Among the participants in the discussion were General Markus Wolf - former head of the Intelligence of the German Democratic Republic (DDR), Admiral Pierre Lacoste - head of the French Intelligence, Richard Kerr - Deputy Director of the Central Intelligence Agency of the United States, Professor Miroslav Tudjman - Croatia, Grozdan Tzvetkovski - Macedonia and Ambassador Raymond Garthoff - USA. The Bulgarian experience was presented by General Brigo Asparuhov - Director of the National Intelligence Service (1991-1997), Colonel July Georgiev - ex-director of counterintelligence, Ambassador Minko Sladkarov, and others.
The topic of the next panel, dedicated to ethnic and religious factors of Balkan Cold War history, also led to intense discussion about national and religious minorities, the Cyprus question within the US-Soviet world confrontation, the Kosovo problem, etc. Participants from Greece and Turkey, Romania and Albania, Bulgaria and Macedonia, addressed various disputable and contradictory aspects of very complex ethnic and religious Balkan problems.

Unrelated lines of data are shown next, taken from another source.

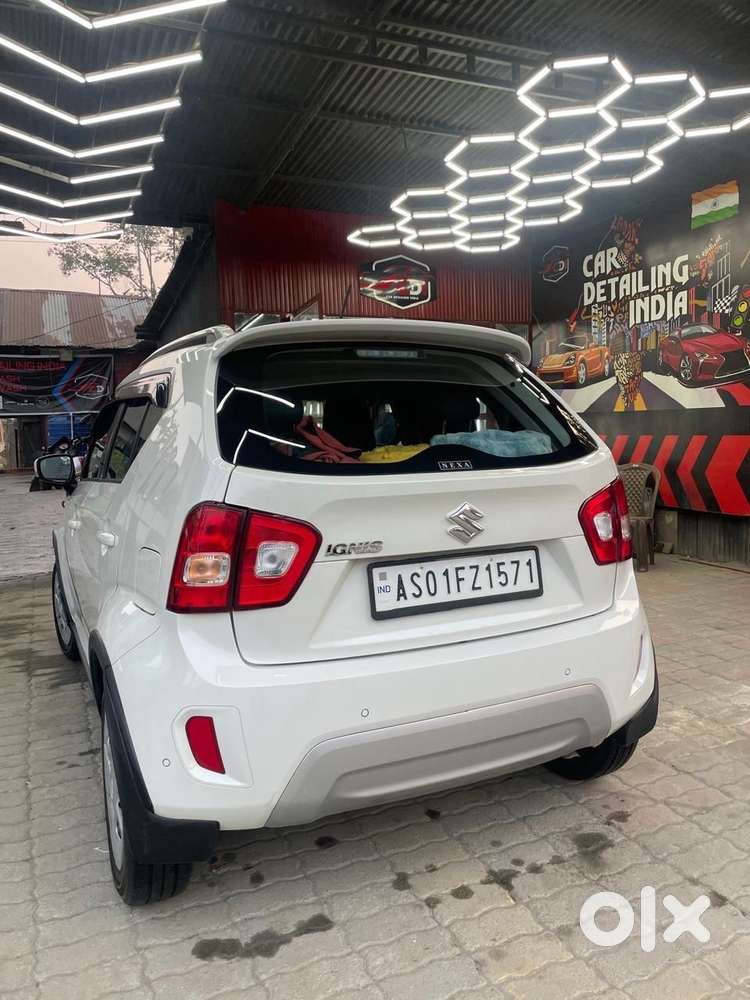 Maruti Suzuki Ignis 2024 July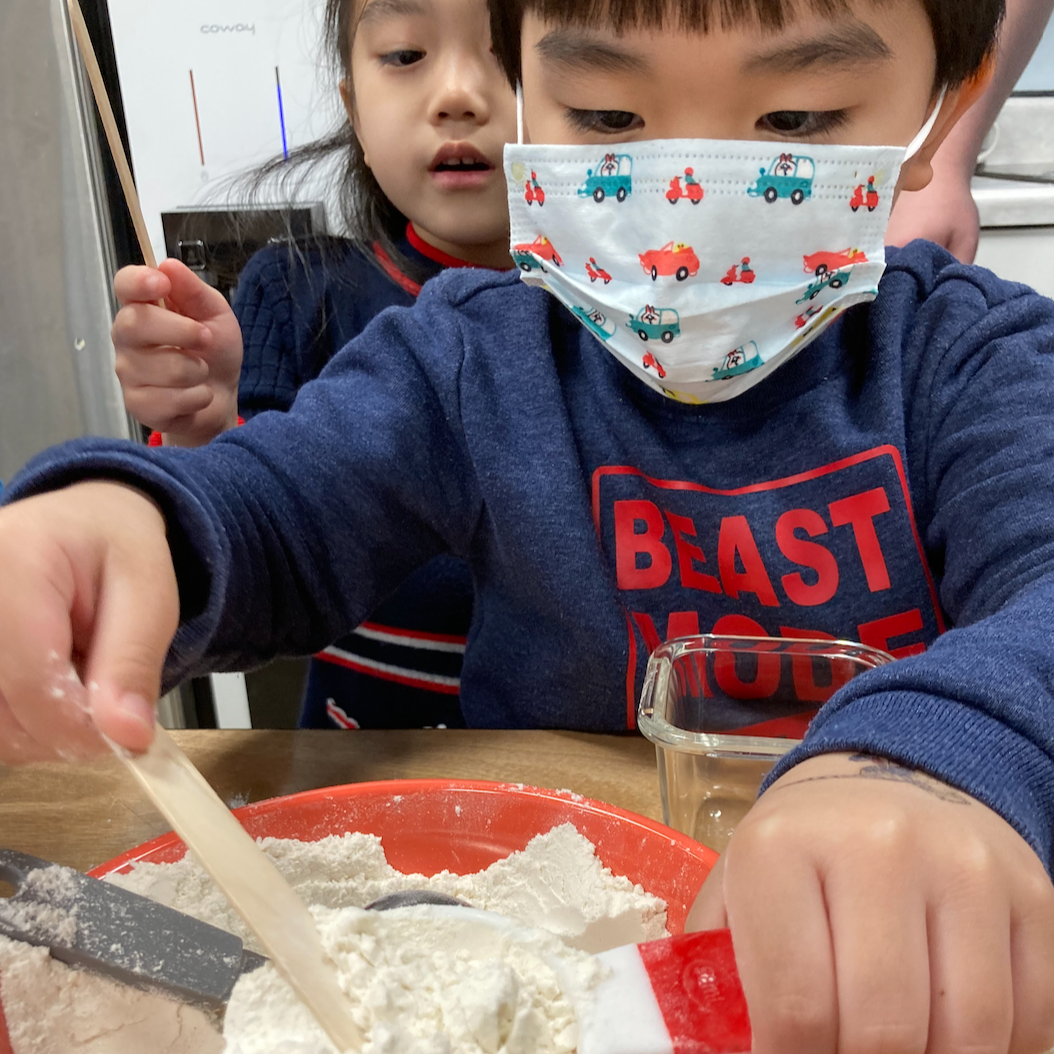 Daily after-school program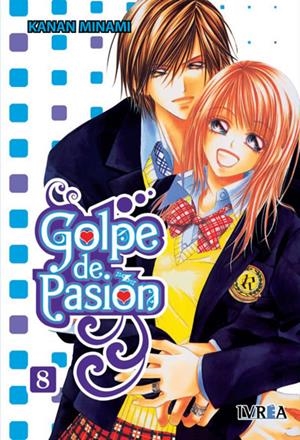 GOLPE DE PASION Nº08 (8 DE 8) [RUSTICA] | MINAMI, KANAN | Akira Comics  - libreria donde comprar comics, juegos y libros online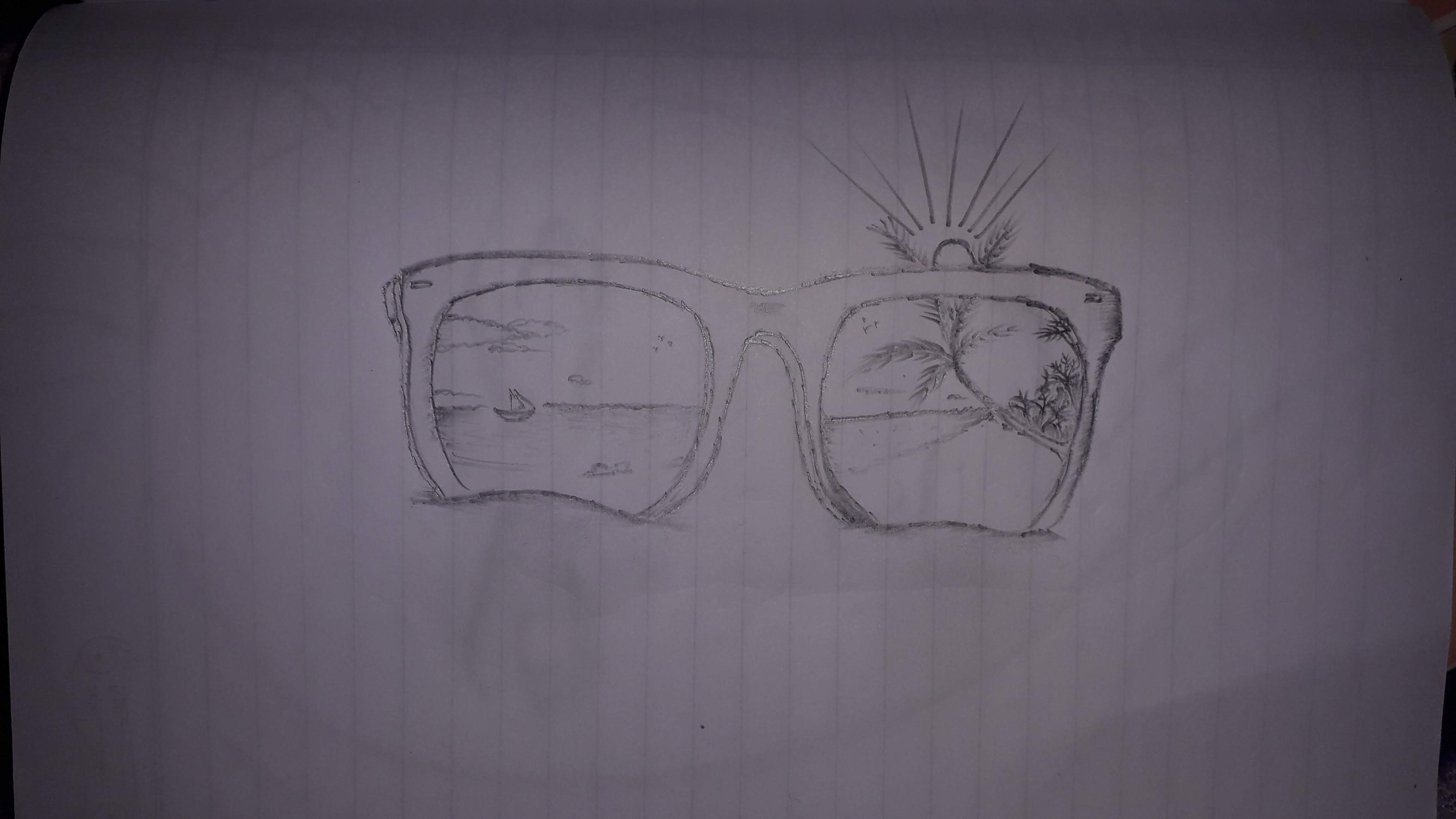 Scenry Through Goggles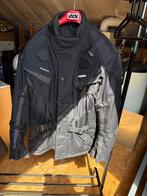 Zwarte Roleff motorjas maat M, Motoren, Ophalen, Jas | textiel, Heren, Roleff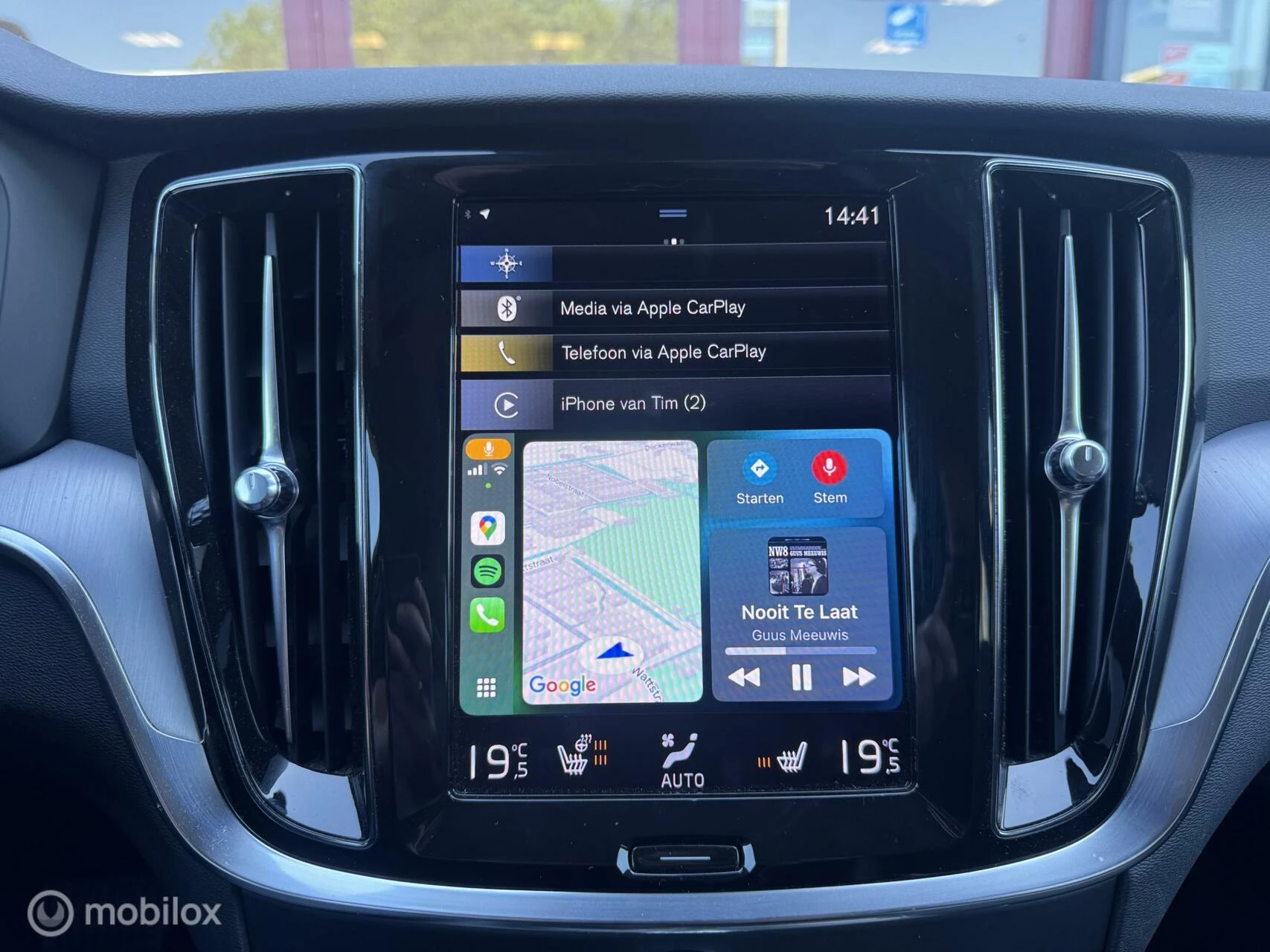 Hoofdafbeelding Volvo V60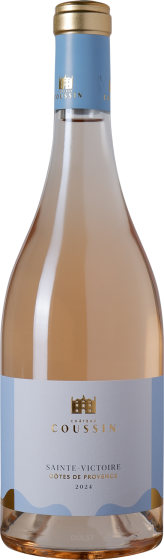 Château Coussin Rosé | Côtes de Provence Sainte Victoire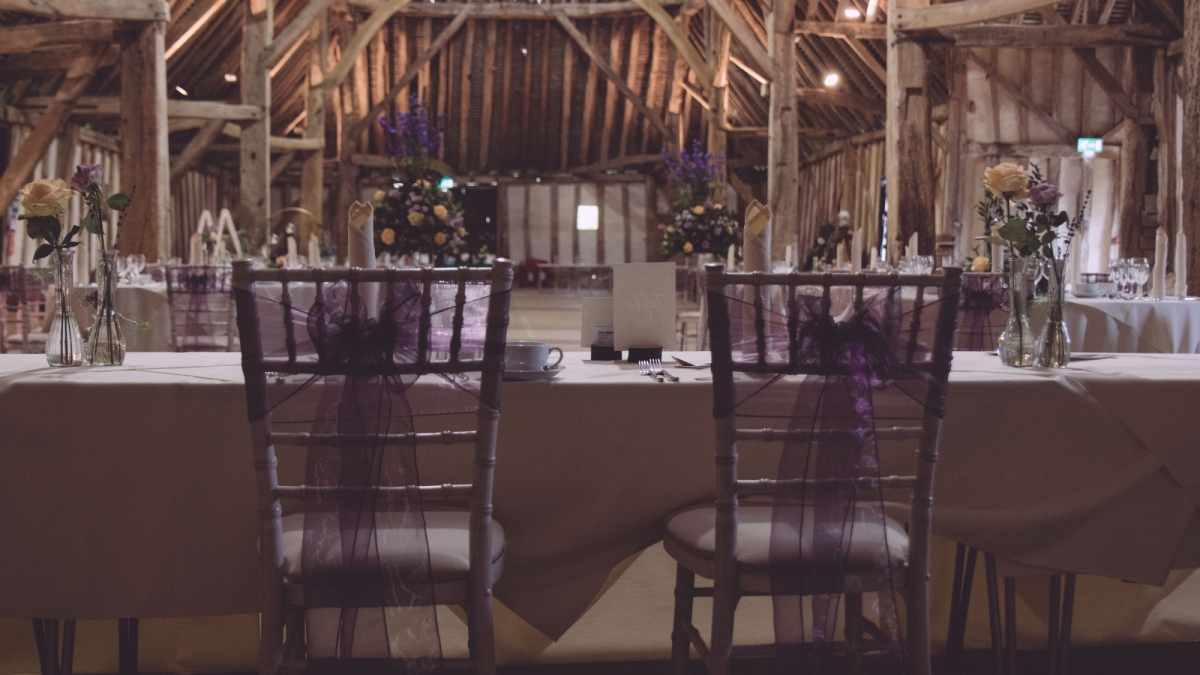 Cressing Temple Barns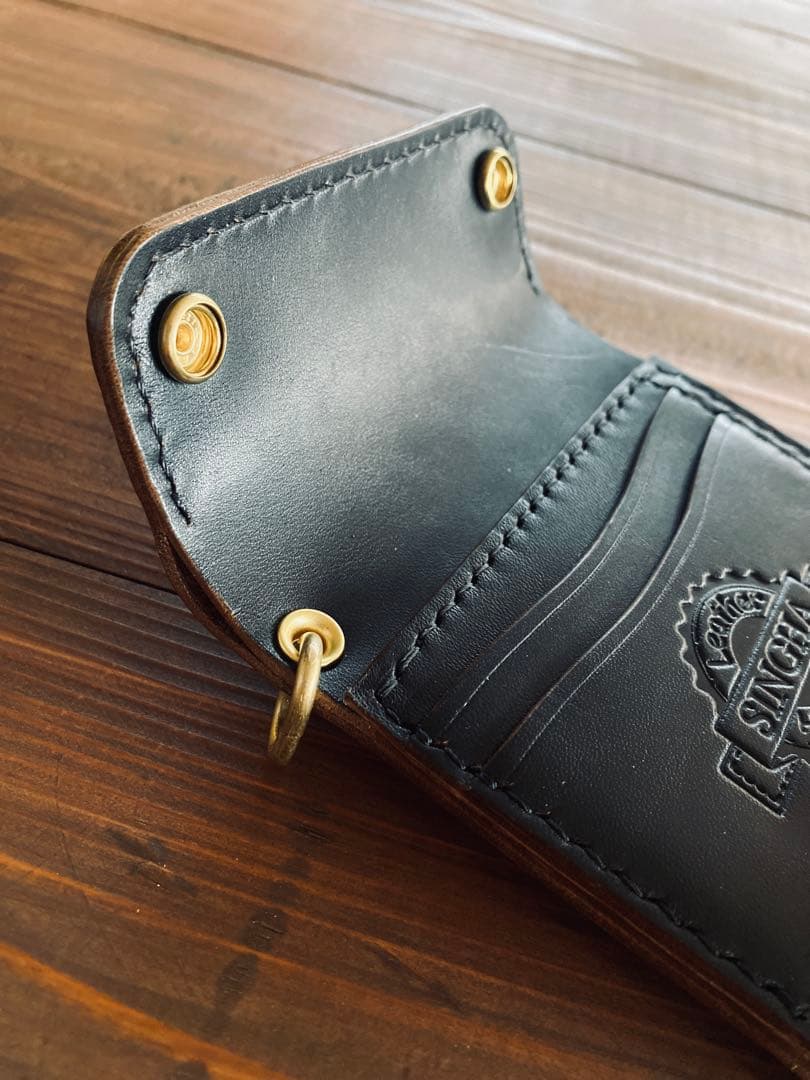 【HORSE BUTT】TS03-69ショートウォレット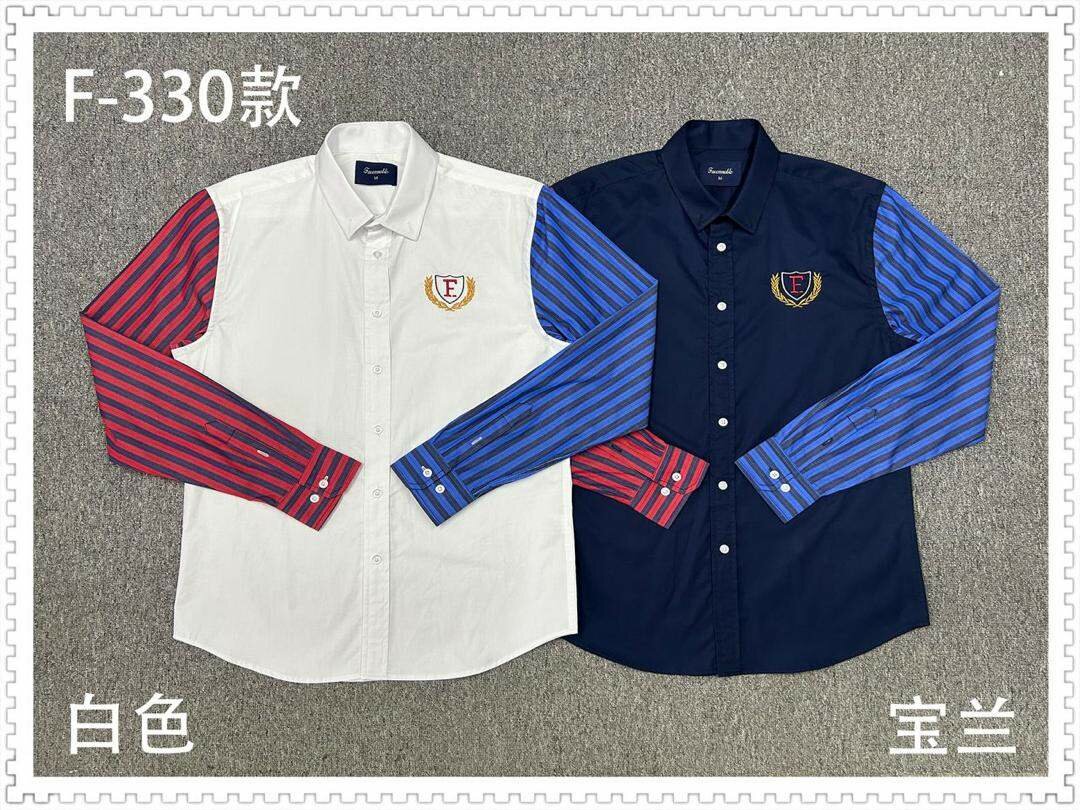 Chemises à manches longues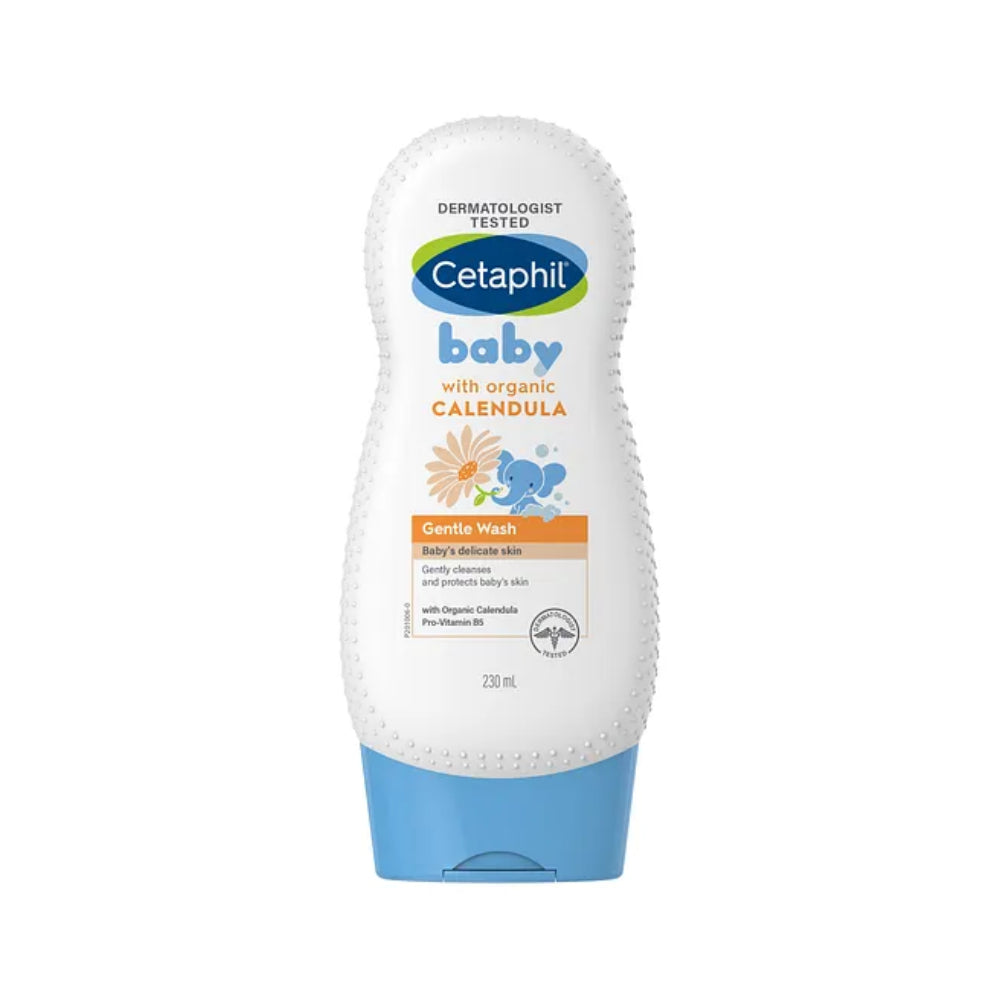 Cetaphil Baby Gentle Wash With Calendula- 230 ml
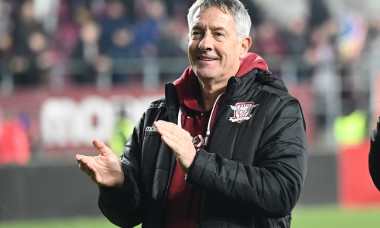 FOTBAL:RAPID BUCURESTI-OTELUL GALATI, SUPERLIGA SUPERBET (3.02.2024)
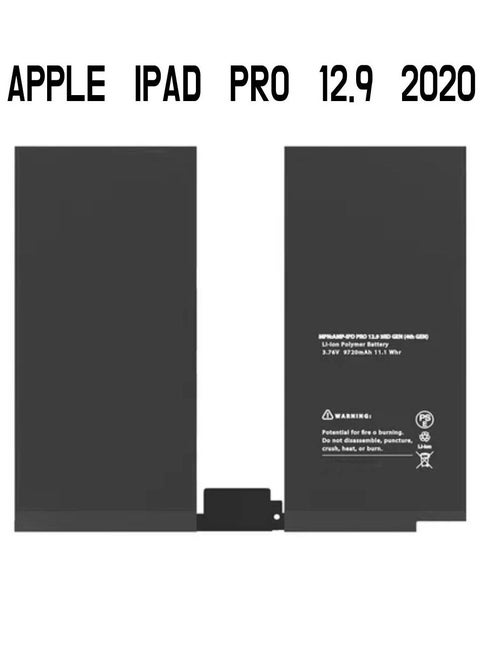 High Quality Original Replacement Battery For Apple iPad Pro 12.9 2020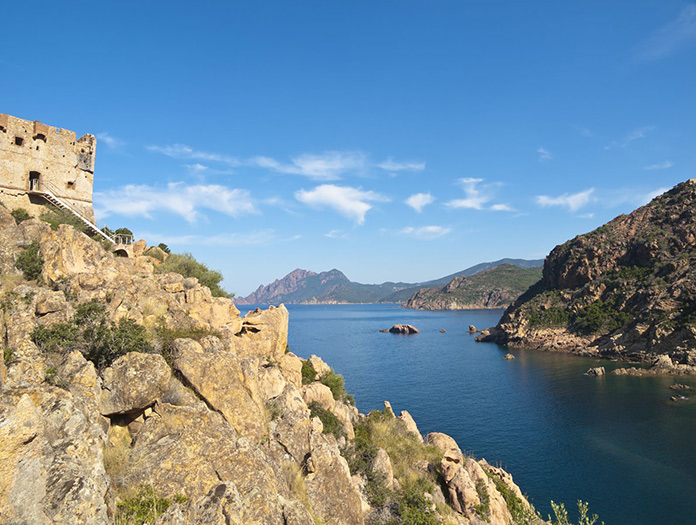 Corsicamore, le guide des vacances pour les amoureux de la Corse.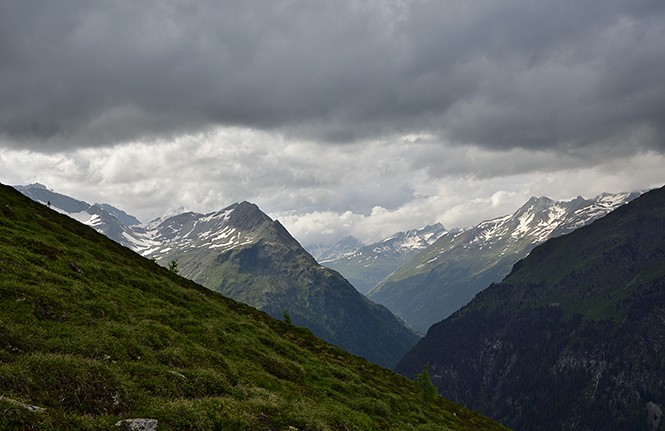 Defereggental - men formt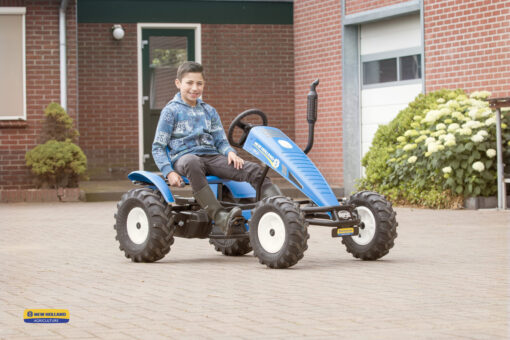 „BERG“ XL New Holland BFR pedalinis kartingas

Other heretofore-unknown details regarding the contemporary political history of the region were presented in the panel "Repression and Opposition".
The third-day discussion concluded with a panel entitled "The Legacy of the Cold War and the Transition to Democracy". The main papers treated the problems of Bulgarian transition and the events in Timisoara, Bulgaria in December, 1989. An additional paper by Dr. Veselin Metodiev, former head of Bulgarian Archives and Deputy Prime Minister of Bulgaria from 1997-1999, focused logically on the question of the accessibility of Bulgarian State Security and Diplomatic and Military Archives on the Cold War years.
One of the indications of the successful results of the Balkan Cold War Conference and its impact on the public was wide mass media coverage of the three-day discussions. Even two months after the Conference, comments and interviews with the Conference participants continue to appear. More than 40 publications have appeared in sixteen central and local Bulgarian newspapers, including business and PC weekly professional newspapers. There were also a large number of TV and radio broadcasts in Romania, Greece and Macedonia, on the BBC, Radio Free Europe, Reuters, France Press, etc. regarding the Conference.
The Conference proceedings, which are expected to be published in September, 2000, do not spell an end to the project. On the contrary, they provide an incentive to more comprehensive Cold War History research in the region, joint studies and scientific projects, exchange of new hypotheses, arguments, and declassified political, diplomatic, military and national security documents on the region's common history in the second half of the twentieth century.